GOAL OF THE EXERCISE >> The listing below is to be reproduced in full, exactly as given.

───── MATERIAL SHOWN ─────

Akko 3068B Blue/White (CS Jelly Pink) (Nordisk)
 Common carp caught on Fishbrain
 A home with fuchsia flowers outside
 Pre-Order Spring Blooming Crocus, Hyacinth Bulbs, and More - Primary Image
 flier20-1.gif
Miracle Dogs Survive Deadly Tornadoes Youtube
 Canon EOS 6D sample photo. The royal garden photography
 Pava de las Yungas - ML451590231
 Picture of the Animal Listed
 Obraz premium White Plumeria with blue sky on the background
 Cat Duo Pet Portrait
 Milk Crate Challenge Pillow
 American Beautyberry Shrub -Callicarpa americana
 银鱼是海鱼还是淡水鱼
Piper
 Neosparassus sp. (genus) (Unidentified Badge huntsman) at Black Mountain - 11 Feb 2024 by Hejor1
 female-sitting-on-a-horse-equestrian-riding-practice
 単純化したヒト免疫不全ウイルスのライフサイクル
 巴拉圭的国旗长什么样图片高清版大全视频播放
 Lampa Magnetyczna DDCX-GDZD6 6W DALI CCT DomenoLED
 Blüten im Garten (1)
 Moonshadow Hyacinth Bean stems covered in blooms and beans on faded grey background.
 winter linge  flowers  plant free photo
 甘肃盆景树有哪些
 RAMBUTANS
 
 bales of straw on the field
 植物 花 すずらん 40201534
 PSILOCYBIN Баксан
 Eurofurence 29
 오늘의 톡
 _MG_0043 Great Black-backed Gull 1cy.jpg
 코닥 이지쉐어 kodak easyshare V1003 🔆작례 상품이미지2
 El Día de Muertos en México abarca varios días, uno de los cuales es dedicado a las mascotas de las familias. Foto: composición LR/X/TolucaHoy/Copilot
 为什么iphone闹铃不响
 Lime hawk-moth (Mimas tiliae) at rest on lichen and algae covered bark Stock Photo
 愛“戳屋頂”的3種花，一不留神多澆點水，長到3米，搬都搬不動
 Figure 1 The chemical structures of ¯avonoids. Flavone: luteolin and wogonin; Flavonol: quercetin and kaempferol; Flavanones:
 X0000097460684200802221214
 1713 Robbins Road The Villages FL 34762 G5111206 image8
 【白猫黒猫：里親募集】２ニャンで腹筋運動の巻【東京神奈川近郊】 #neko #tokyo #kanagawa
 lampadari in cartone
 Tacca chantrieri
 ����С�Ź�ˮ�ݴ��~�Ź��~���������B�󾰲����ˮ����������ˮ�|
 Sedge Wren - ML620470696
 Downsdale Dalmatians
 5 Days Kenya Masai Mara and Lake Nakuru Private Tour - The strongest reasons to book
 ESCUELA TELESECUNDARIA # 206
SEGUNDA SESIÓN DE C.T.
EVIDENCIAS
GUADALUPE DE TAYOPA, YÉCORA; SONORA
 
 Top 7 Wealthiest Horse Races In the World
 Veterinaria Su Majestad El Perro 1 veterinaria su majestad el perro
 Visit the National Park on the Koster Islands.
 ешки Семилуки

─────

EXERCISE RESULT >>
Akko 3068B Blue/White (CS Jelly Pink) (Nordisk)
 Common carp caught on Fishbrain
 A home with fuchsia flowers outside
 Pre-Order Spring Blooming Crocus, Hyacinth Bulbs, and More - Primary Image
 flier20-1.gif
Miracle Dogs Survive Deadly Tornadoes Youtube
 Canon EOS 6D sample photo. The royal garden photography
 Pava de las Yungas - ML451590231
 Picture of the Animal Listed
 Obraz premium White Plumeria with blue sky on the background
 Cat Duo Pet Portrait
 Milk Crate Challenge Pillow
 American Beautyberry Shrub -Callicarpa americana
 银鱼是海鱼还是淡水鱼
Piper
 Neosparassus sp. (genus) (Unidentified Badge huntsman) at Black Mountain - 11 Feb 2024 by Hejor1
 female-sitting-on-a-horse-equestrian-riding-practice
 単純化したヒト免疫不全ウイルスのライフサイクル
 巴拉圭的国旗长什么样图片高清版大全视频播放
 Lampa Magnetyczna DDCX-GDZD6 6W DALI CCT DomenoLED
 Blüten im Garten (1)
 Moonshadow Hyacinth Bean stems covered in blooms and beans on faded grey background.
 winter linge  flowers  plant free photo
 甘肃盆景树有哪些
 RAMBUTANS
 
 bales of straw on the field
 植物 花 すずらん 40201534
 PSILOCYBIN Баксан
 Eurofurence 29
 오늘의 톡
 _MG_0043 Great Black-backed Gull 1cy.jpg
 코닥 이지쉐어 kodak easyshare V1003 🔆작례 상품이미지2
 El Día de Muertos en México abarca varios días, uno de los cuales es dedicado a las mascotas de las familias. Foto: composición LR/X/TolucaHoy/Copilot
 为什么iphone闹铃不响
 Lime hawk-moth (Mimas tiliae) at rest on lichen and algae covered bark Stock Photo
 愛“戳屋頂”的3種花，一不留神多澆點水，長到3米，搬都搬不動
 Figure 1 The chemical structures of ¯avonoids. Flavone: luteolin and wogonin; Flavonol: quercetin and kaempferol; Flavanones:
 X0000097460684200802221214
 1713 Robbins Road The Villages FL 34762 G5111206 image8
 【白猫黒猫：里親募集】２ニャンで腹筋運動の巻【東京神奈川近郊】 #neko #tokyo #kanagawa
 lampadari in cartone
 Tacca chantrieri
 ����С�Ź�ˮ�ݴ��~�Ź��~���������B�󾰲����ˮ����������ˮ�|
 Sedge Wren - ML620470696
 Downsdale Dalmatians
 5 Days Kenya Masai Mara and Lake Nakuru Private Tour - The strongest reasons to book
 ESCUELA TELESECUNDARIA # 206
SEGUNDA SESIÓN DE C.T.
EVIDENCIAS
GUADALUPE DE TAYOPA, YÉCORA; SONORA
 
 Top 7 Wealthiest Horse Races In the World
 Veterinaria Su Majestad El Perro 1 veterinaria su majestad el perro
 Visit the National Park on the Koster Islands.
 ешки Семилуки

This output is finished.